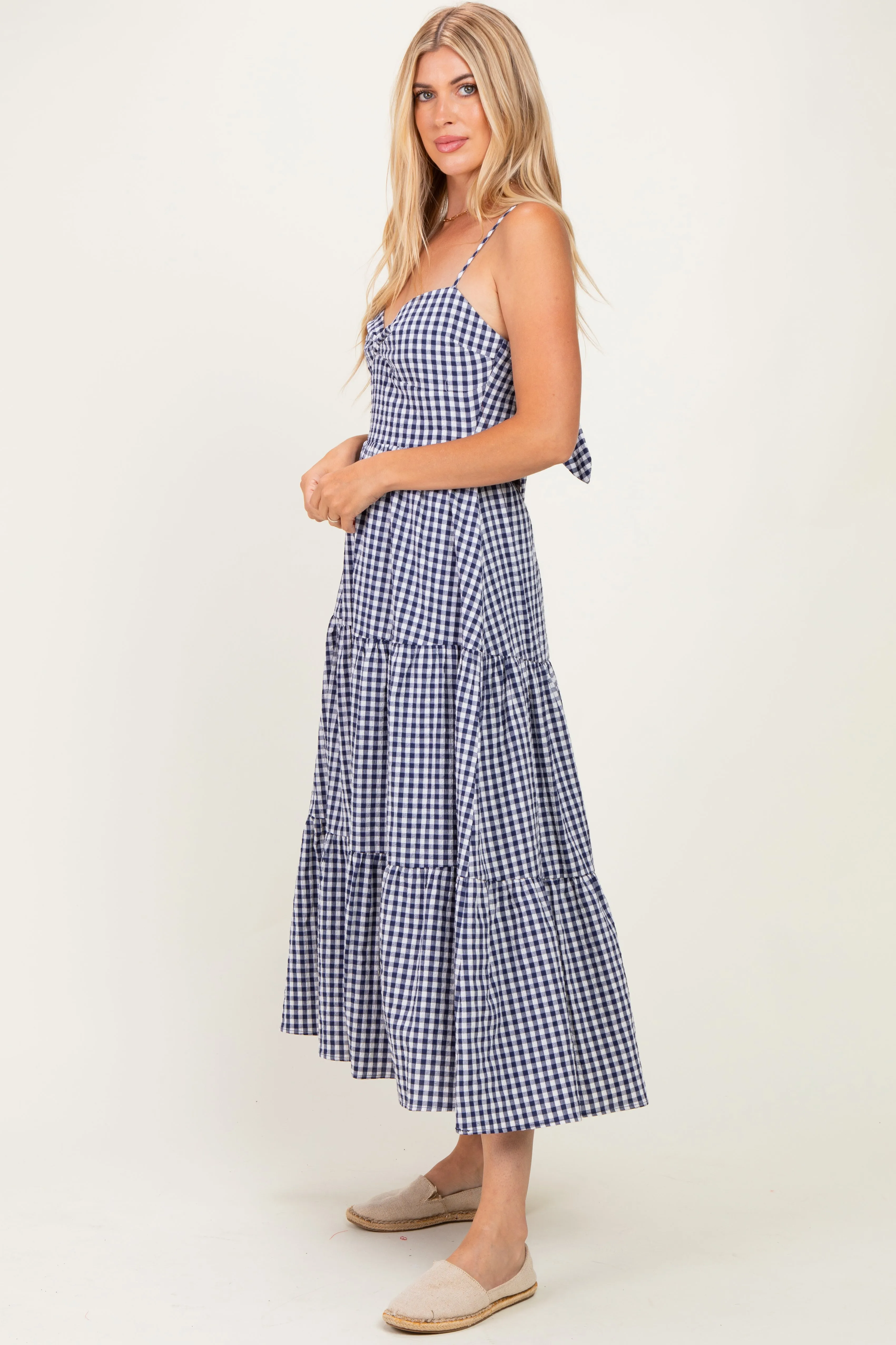 Navy Gingham Cutout Tie Back Tiered Maxi Dress sold by Pinkblush product image thumbnail 2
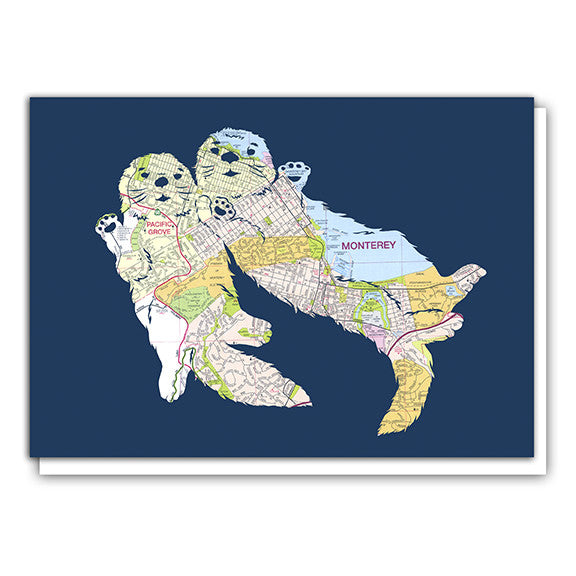 Monterey Map Sea Otter Art card by Granny Panty Designs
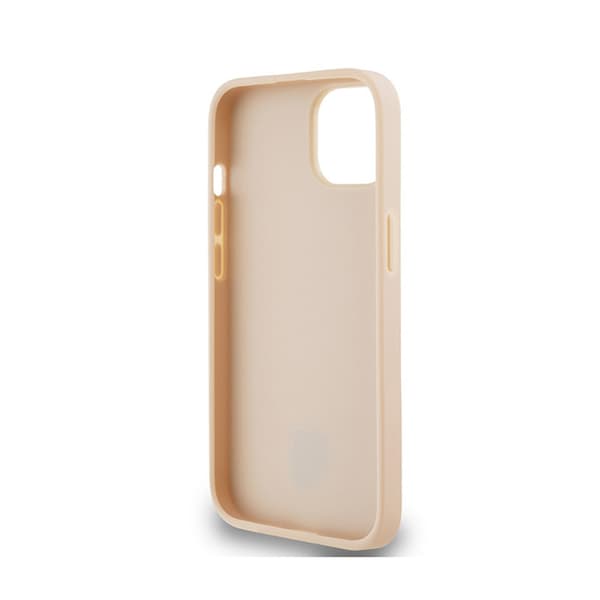 DKNY Nahkaruutukuvioinen yksikuvioinen kuvio ja painetut raidat - iPhone 15 Plus / 14 Plus -kotelo (vaaleanpunainen)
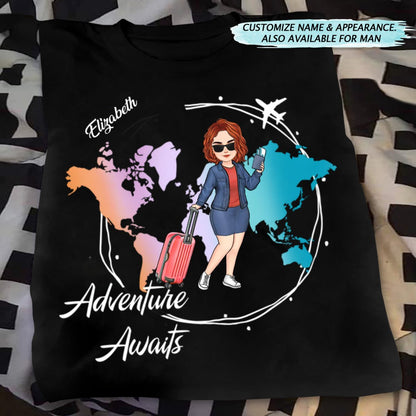 Travel Lovers - Adventure Awaits - Personalized Unisex T - shirt, Hoodie, Sweatshirt - Makezbright Gifts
==*==
Problem requirements. From the line containing "DKNY Nahkaruutukuvioinen yksikuvioinen" down to the final line of the material, restate every line word for word, and only those; drop the pictures.

Exercise answer.
 DKNY Nahkaruutukuvioinen yksikuvioinen kuvio ja painetut raidat - iPhone 15 Plus / 14 Plus -kotelo (vaaleanpunainen)
 Travel Lovers - Adventure Awaits - Personalized Unisex T - shirt, Hoodie, Sweatshirt - Makezbright Gifts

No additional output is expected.